In 2020, while still president, he even described himself as a “non-denominational Christian.” Who knows what he meant by all those definitions.

With that background, Donald Trump, who will be president of the United States in a few days, did not wait to get to the Oval Office of the White House to make threats and arrogant announcements, no matter if he deteriorates diplomatic relations or seeks “enemies” among his followers.

He returned to his manic idea of “buying” the island of Greenland, belonging to Denmark, something he wanted, but could not obtain in his first term, and which he now wants to recycle with the same philosophy that with it “the United States would be a safer, bigger and more wonderful country”.

If it buys Greenland, it could be the country's largest territorial acquisition in history, the New York Post argued.

The island, controlled by Denmark for nearly 300 years, has an area of 2.1 million square kilometers, slightly larger than Louisiana, purchased from France in 1803, which was nearly twice the size of the U.S. territory at the time.

The possible acquisition of the region would more than double the size of Texas, annexed in 1845. Greenland is also much larger in area than Alaska, which was purchased in 1867.

Russia Today reports quoted Trump referring to his plans to take control of the Island. He had stated “that, for goals in national security and freedom around the world, Washington considers possession and control of Greenland an absolute necessity.”

Such statements were rejected by the island authorities, who responded sharply: “We are not for sale and never will be”.

BACK TO COLONIZATION?

The other “little gift” that the tycoon intends to give himself in his second term is to take over the Panama Canal once again.

Exactly on Christmas Day, he accused the Isthmian nation of “swindling the United States”, and described as “wild dreams” the national interests that Panamanians defend with the exploitation of the inter-oceanic waterway, one of the country's major economic livelihoods.

Trump wielded these ridiculous arguments when announcing the appointment of Kevin Marino Cabrera as Yankee ambassador to the Central American nation.

Faced with such an outrage, the president of the Isthmian nation, José Raúl Mulino, responded: “I want to express precisely that every square meter of the Panama Canal and its adjacent area is Panama's, and will remain so”; to which Donald Trump replied: “We'll see”, while posting a photo of the U.S. flag waving over the water with the inscription: “Welcome to the United States Canal”.

There is no shortage of comments. In the crazy world in which we live, few things surprise us; anything can be read, heard and also believed. The years go by without a large part of humanity coming to understand the whys and wherefores of many of the absurdities we see.

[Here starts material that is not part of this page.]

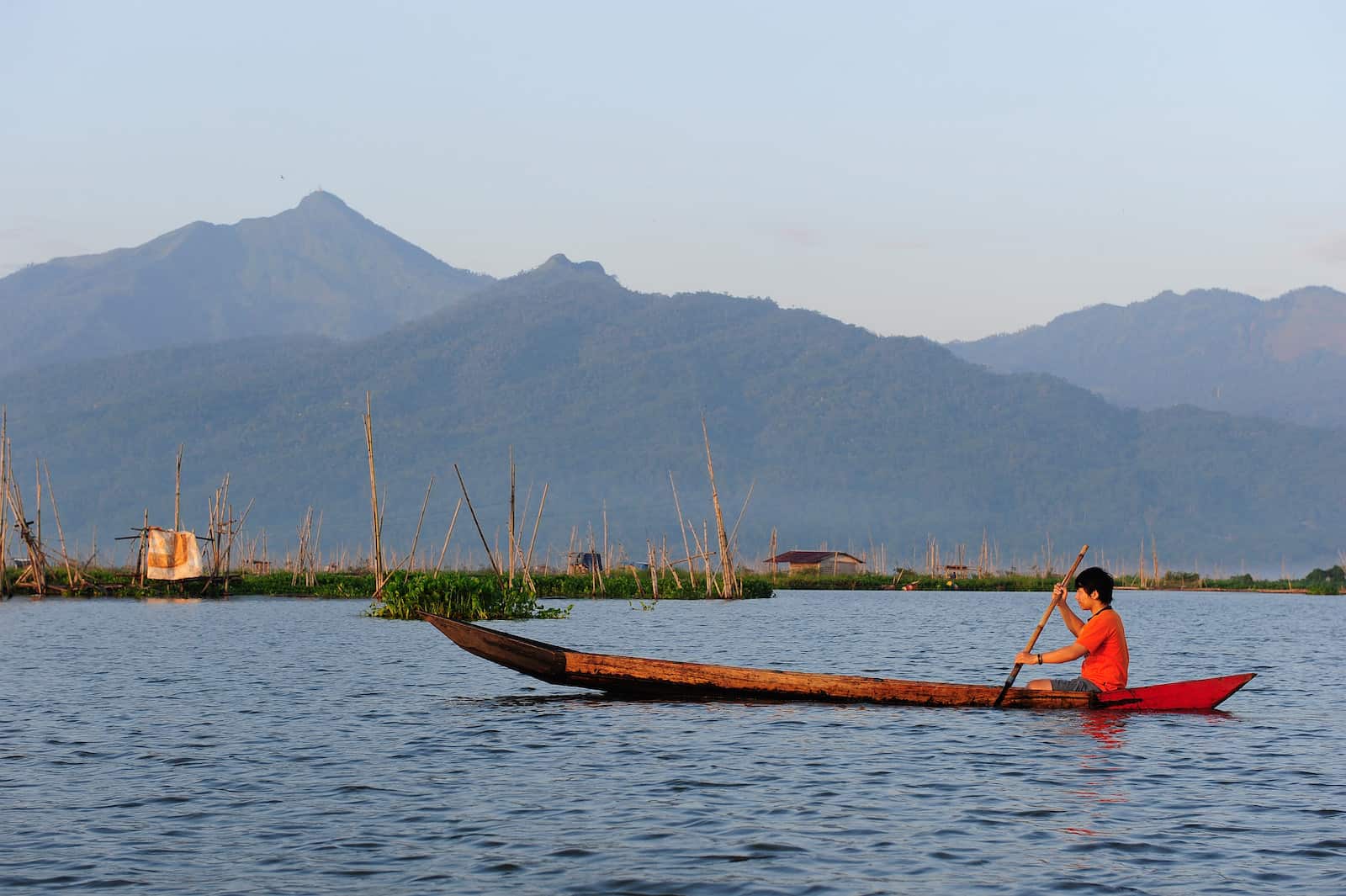 A young man in a red shirt sits in a long canoe, rowing on a large body of water, with mountains in the background.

It is not complicated, for example, to try to understand how, with the disastrous experience of his transit through the White House and his chaotic exit from power in his first term, Donald Trump, who has been the most voted presidential aspirant in the last decades in the United States, is once again the most voted, above any prognosis.

The truth is that, still far from January 20, when he will be officially sworn in as president, there are already almost a dozen incomprehensible and absurd declarations. The Republican multimillionaire speaks and acts as if he is always trying to earn more money.

And, of course, he drags company into his outbursts. RT reported how the son, Eric Trump, published on Tuesday a photo of his father adding Canada, Greenland and the Panama Canal to his Amazon shopping cart

As unbelievable as it may seem, these are troubling examples that typify the thinking and actions of the man who will take the reins of the United States next month.